Less than two months on the job, Boulware resigned from the Badgers' coaching staff on Friday and was hired to Bob Stoops' Oklahoma coaching staff that afternoon; giving Andersen approximately four hours notice before the hiring was announced by the Sooners.
"I told the kids, ultimately, I hired him," Andersen said in a Monday press conference previewing spring practices. "It's my fault. It's upsetting, and I brought the wrong guy in here. We'll be better off as we move forward."
Hired by Andersen on Jan. 9 after not being retained by Auburn following the school's coaching change, Boulware was set to coach Wisconsin's tight ends and coordinate the special teams. Auburn's punt-coverage unit ranked second in the nation in 2012, allowing an average of 4.0 yards per return on 70 punts. The Tigers also ranked third in the country in kickoff coverage, allowing 16.6 yards per return, under Boulware's watch.
Wisconsin is still to go through its first of 15 spring practices on Saturday.
"I don't like the timing of it," said Andersen. "I don't like the situation that we're in at all, but we'll get a coach in here that's as excited about Wisconsin football and wants to be here in the worst way, and he'll do a tremendous job. We'll rebound very quickly."
Admitting that the process is taxing on the tight ends and special teams, Andersen said he wouldn't have done anything different in the hiring process, but took the lion share of the blame for letting the kids down and hiring the wrong person, saying he did "a poor job."
"I failed the kids in this situation," said Andersen. "It's important. We talked about building a family environment and getting the right guys in here. It's part of the process, and there's no one else to look at and say, well, why did you do this? Why did you do that? We'll find the right guy here.
"I don't know if I'm blaming myself, but there's no one else to blame. So I'll look at myself in the mirror on that one."
While secondary coach Bill Busch has special teams experience, serving as Andersen's special teams coach the past two seasons, Andersen wasn't in favor of that considering that move would stretch a four-person defensive staff trying to install a new scheme even thinner.

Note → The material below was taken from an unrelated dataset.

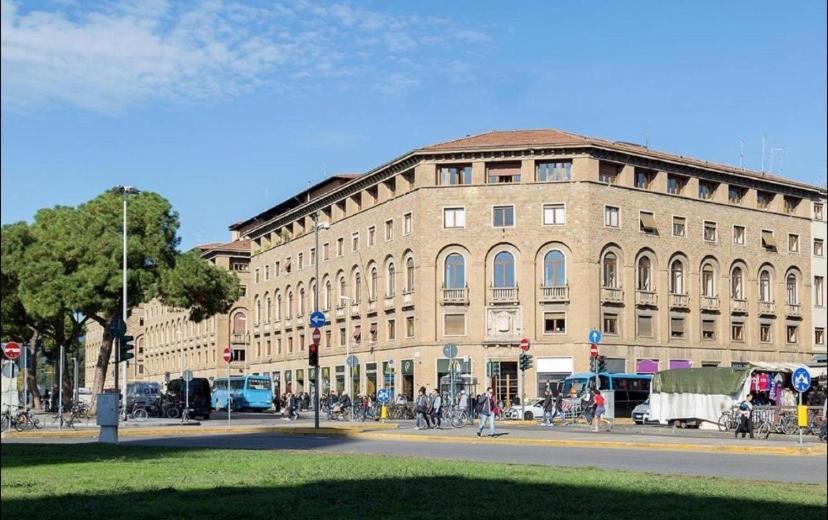 Apartament Le Stanze Di Catia Florencja Zewnętrze zdjęcie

With Wisconsin having five offensive assistants, Andersen will look for a new coach that will, "handle the special teams, will handle the tight ends, will have a lot of experience, be a tremendous recruiter and he'll care about the kids." His goal is to make a hire by Saturday.

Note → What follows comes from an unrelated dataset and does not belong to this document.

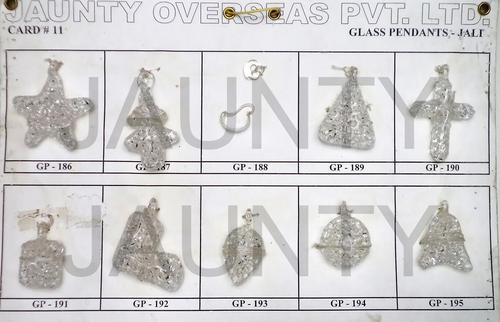 Glass Pendants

"I will never beg a coach to stay," said Andersen. "And I feel the same way in recruiting. I will never beg a kid to come to Wisconsin. If you have something you think is better, then so be it. I'll voice my opinion why I think you're wrong and the direction you're heading. It may compromise the relationship between me and forever, and I'm okay with that.
"I'm here for the University of Wisconsin. I'm here to make everybody proud of the football program on and off the field. If I've got a coach or a player that doesn't want to buy into that, so be it because there's a lot of people that would love to be a part of it."